J. Edgar Hoover’s team had it right. Lorraine Hansberry was a commie.
They apparently never did find out the late writer was also a lesbian, which clearly would have compounded the crime. But really, they just got one part wrong: Hansberry wasn’t trying to subvert America. She was trying to make it better.
Lorraine Hansberry: Sighted Eyes / Feeling Heart, a two-hour documentary in the PBS American Masters series, makes a compelling case that she did just that when it debuts Friday at 9 p.m. ET (check local listings).
Hansberry, who died in 1965 at the age of 34, remains best known for writing A Raisin in the Sun, the first play by a black female in Broadway history. Debuting in March 1959, it dramatized how racial oppression corrodes the lives and souls of the everyday people who are among its millions of victims.
Tracy Heather Strain’s Sighted Eyes traces the tortuous path by which Hansberry’s then-husband Robert Nemiroff and rookie producer Philip Gold forced the ultra-reluctant Schuberts to finally give Raisin a chance on Broadway.
The battle to get the play produced parallels, and pales next to, the real-life racism that drove Hansberry to write it.
She had seen her father, who played by all the rules and built a successful life, rejected in his efforts to open white Chicago neighborhoods to all families, give black soldiers equal status in the military and extend voting rights. In the end, he moved to Mexico.
Lorraine moved to New York, where she went to work at Paul Robeson’s radical newspaper Freedom and plunged into civil rights activism. A good friend of James Baldwin, she was an early skeptic that nonviolence alone would change white America’s ingrained attitudes on race.
Hansberry was also active in lesbian rights causes, though with a low profile that reflected the isolation of the LGBT community in those years. The documentary itself, interestingly, addresses Hansberry’s lesbian writings and references in one fairly brief section of its own, while largely staying away from it elsewhere.
Sighted Eyes also seems to suggest that while Hansberry’s writings and speeches had passages of anger and militance, she was calm and modulated. One wonders if that was always true, given her passion and frustration over inequality.

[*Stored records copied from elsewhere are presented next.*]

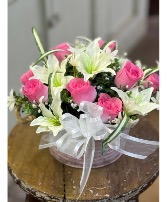 Silk Roses and Lilies in Pink Silk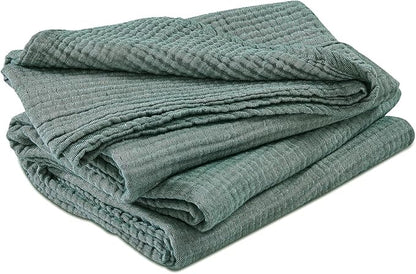 EMME Cotton Muslin Queen Blanket Bed Layering Bedspread Coverlet Breathable Gauze Soft Lightweight Blankets (Heather Forest Green, 90"x90")
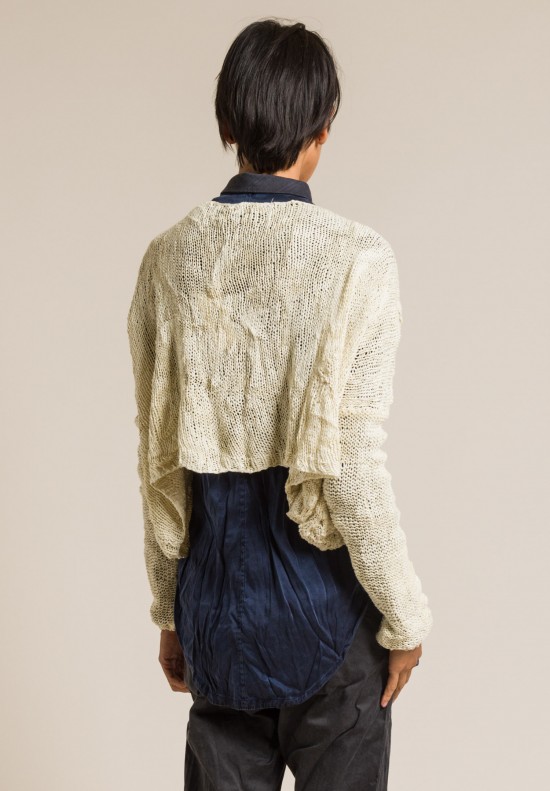 Umit Unal Cotton Cropped Oversized Sweater in Cream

In any case, she maintained a high public profile throughout the famous part of her life. She joined panels, spoke to writing and youth groups, did frequent interviews and hosted regular events and fundraisers for activist causes.

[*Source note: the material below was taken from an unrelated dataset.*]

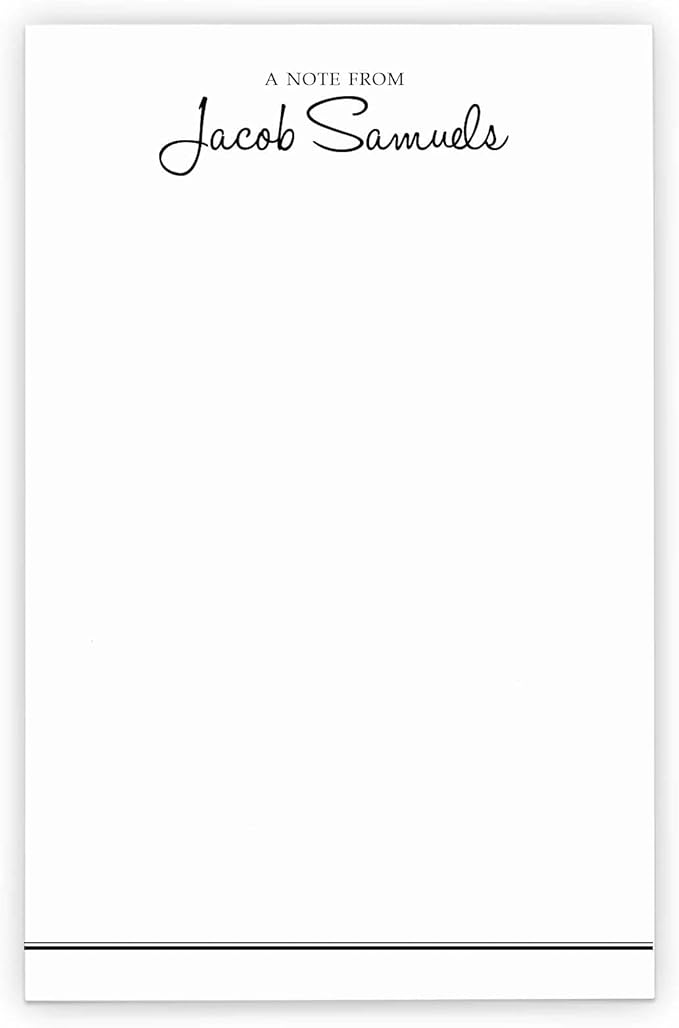 A Note From Personalized Notepad, Notepads for men, Personalized Notepad Set for Men, Professional notepad, Letter writing paper, size 5.5in x 8.5in, 50 sheets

One fundraiser, she hosted for the Student Nonviolent Coordinating Committee raised $5,000, which SNCC used to buy a Ford station wagon for volunteers in Mississippi during the 1964 voter registration campaign known as Freedom Summer.
Mickey Schwerner, Andrew Goodman, and James Cheney were driving that car when they were murdered by Ku Klux Klansmen.

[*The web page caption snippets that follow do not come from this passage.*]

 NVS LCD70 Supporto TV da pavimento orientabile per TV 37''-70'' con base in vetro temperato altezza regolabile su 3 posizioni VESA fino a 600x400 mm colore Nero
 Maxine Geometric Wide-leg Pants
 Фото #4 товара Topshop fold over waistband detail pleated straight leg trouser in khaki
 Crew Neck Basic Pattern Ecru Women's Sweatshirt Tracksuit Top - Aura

Hansberry, like Baldwin, argued that contemporary events like that ambush or the 1963 Birmingham church bombing, seen in the context of America’s long violent racial history, suggested there was little hope that any rapid sea change in attitudes would be possible.
She and Baldwin were among the attendees at a private 1963 meeting called by then-Attorney General Robert Kennedy to discuss race relations. After Kennedy talked about what his brother’s administration was doing to uphold the law, a young civil rights worker named Jerome Smith bluntly told RFK that he had seen federal officials do nothing while he was being beaten.
Hansberry joined Smith in saying Kennedy clearly did not understand the depth of the problem. The meeting broke up awkwardly, though other historians – not in this documentary – say it ultimately inspired Kennedy to take a more aggressive position on civil rights.
Hansberry herself ran into frustrating racial attitudes in her professional life, even after she became an established, well-respected writer.
Her movie screenplay for Raisin was diluted from her vision when Columbia Pictures executives got nervous about offending Southern viewers. She wrote a television screenplay about slavery, The Drinking Gourd, that was praised but rejected by NBC as potentially too controversial.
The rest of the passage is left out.